If your experience of first contact with Nichiren Buddhism was like mine, and I suspect for most people it was, you were simply instructed to chant some strange phrase either Na Myoho Renge Kyo or Namu Myoho Renge Kyo. You may have been told that simply by repeating this strange expression over and over that you could become happy, or get anything you wanted, or overcome any problem in your life. You may have been told it roughly translates as Devotion to the Mystic/Wonderful Lotus Flower Teaching or something similar. Beyond that you may have heard something to the effect that you don’t need to know what it means, just chant.
None of that is false and it is also not completely true and certainly not quite accurate. Please do not hold a grudge against those who first instructed you. They were not malicious in their intent. They may have been exasperated at needing to stop and give you an explanation when they knew from their own experience that sometimes the explanation inhibits the application and resultant benefit from the practice they wished to share with you. Their heart was in a good place.
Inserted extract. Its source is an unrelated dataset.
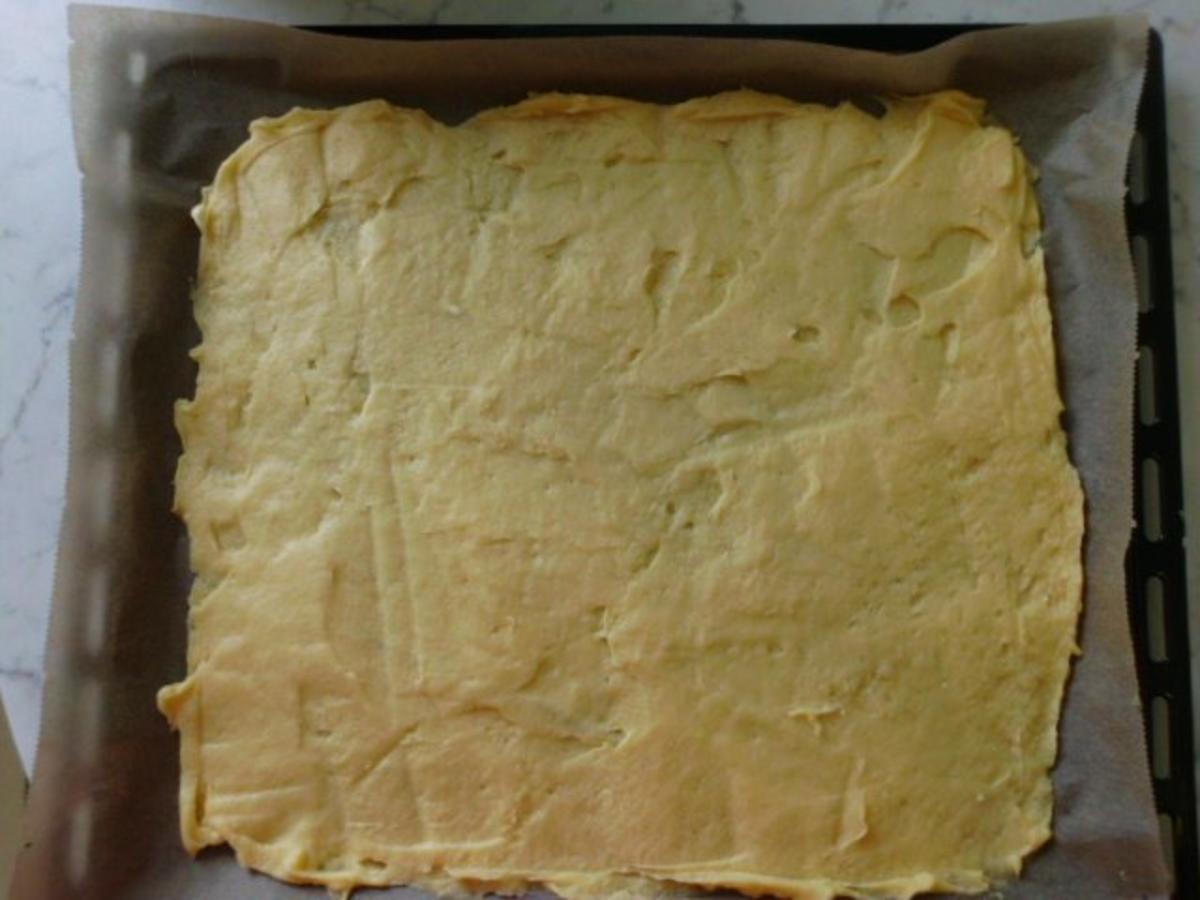 Brandteigkuchen mit Vanillecreme, dazu Waldbeermus (so wird das in Ungarn gemacht) - Rezept - Bild Nr. 8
So take a moment now and offer up a silent prayer of gratitude for their wonderful effort to enable you to become enlightened.
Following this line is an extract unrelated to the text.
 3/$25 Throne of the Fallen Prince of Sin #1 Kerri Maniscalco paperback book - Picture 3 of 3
Recently at my temple I have been giving a series of lectures covering what our attitude should be and how we should focus our mind as we engage in this wonderful Buddhist practice. I am covering materials found in a previous book titled Important Matters. Right now we just began talking about Namu + Myoho Renge Kyo. I have also written smaller Dharma Talks and essays on the subject of this formula. There is much more I would like to say than what I have said previously and since I am a writer what better way to get it all out than to begin another book on the subject.
I am calling this book Namu and You. My hope is to impart what I believe may be something that sometimes become obscured or forgotten about when we chant this phrase in our daily practice. There is some danger in not fully understanding the relationship between the seemingly innocuous word Namu and simply saying it means devotion. While that is certainly true, it does sort of translate into devotion, that glosses over the action of devotion. So I’ll talk about that in this writing.
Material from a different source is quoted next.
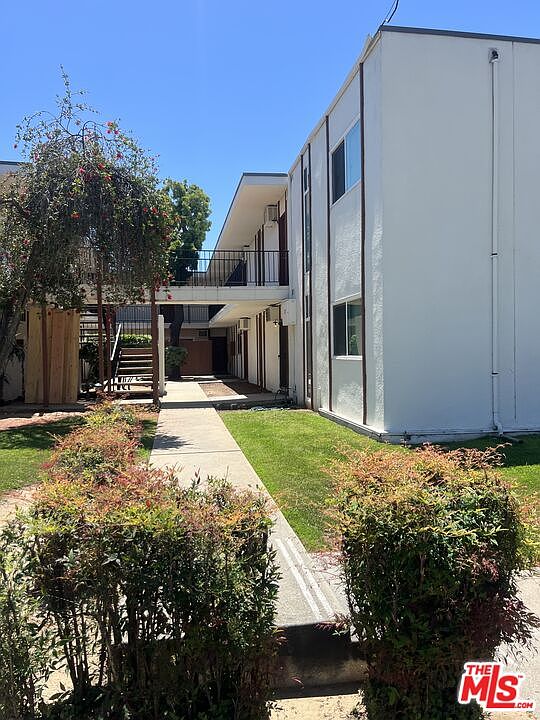 Building Photo 4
Often people do not appreciate the relationship that exists between Namu and Myoho Renge Kyo. Additionally there are some questions I have been recently asked about how it came to be and then there is the age old debate of which is it Namu or Na/Nam. So I’ll write about that again here.
You know when every I set out to write a new book I am never quite sure what I’ll end up with. I may have one thing in mind and find the end product is quite different. Or perhaps the. End product is what I thought it might be. Almost always the length of the book is the biggest mystery. What I think may be simple and short ends up being long and complicated. In this case my original idea is this will not be a longish book though it may not be simple and certainly will be important.